El amor a nuestro pueblo es una dolencia endémica que afecta
a las gentes de bien, y que sale a la luz cuando nos juntamos con alguien que
padece del mismo mal; circunstancia que se acentúa cada vez que volvemos al
pueblo y llenamos las casas como lo estuvieron en lejanos tiempos, en nuestros
tiempos, cuando nos juntábamos un centenar de niños y otro de niñas que
llenábamos las cuatro escuelas, además de otra clase de párvulos que en
aquellos tiempos regentaba doña Magdalena Orozco. Ahora se habla del cierre
inminente de la única clase que queda, por falta de alumnado, (sólo dos niños me
han dicho en edad escolar), con todo lo que ello conlleva pensando en el futuro
de un municipio que yo llegué a conocer con una población de hecho superior a
los dos mil habitantes, y que al cabo de medio siglo, no mas, se ha visto
reducido a una décima parte de lo que entonces fue.
A fe que en Olivares, como lugar de vacaciones y de recreo,
ahora se vive bien.
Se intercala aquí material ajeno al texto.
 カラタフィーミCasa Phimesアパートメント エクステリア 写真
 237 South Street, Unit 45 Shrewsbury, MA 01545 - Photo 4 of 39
Los tiempos son otros. Antes fuer la ribera la que nos dio
la vida y el bienestar, un tiempo feliz e inolvidable; periodo importante de
nuestra existencia que no todos llegaron a conocer, pero que para mi uso no
deja de ser su época gloriosa que nunca se volverá a repetir. Hoy estamos más
sobrados de todo, en cambio, añoramos aquel pasado irrepetible que no volverá
nunca, como tampoco lo harán tantas personas, familiares y amigos, que muy a
nuestro pesar se fueron sin viaje de vuelta.
Nos queda lo que somos y los que somos. Todavía estamos aquí
presentes para vivir esta añoranza común que se traduce en cariño a lo nuestro,
a todo lo nuestro, virtudes y defectos, que de todo hay, en un pueblo, a pesar
de los pesares, donde nos tocó nacer, vivir niñez y juventud, y del que nos sentimos orgullosos, como bien solemos
demostrar cada verano en que poco a poco, gota a gota, vamos ocupando las casas
y nos permitimos, a Dios gracias, el lujo de reencontrarnos en lugares tan
agradables para la vida en común como nuestros bares y terrazas, nuestra
piscina inmejorable (orgullo de nuestros veranos), y el milagro anual del
reencuentro.
¡Ah! No se me había olvidado. Lo dejo para el final como
punto de cierre a todo lo dicho. Siempre bajo la protección del Santo Niño,
nuestro Patrón, el primero y principal de todos los olivareños.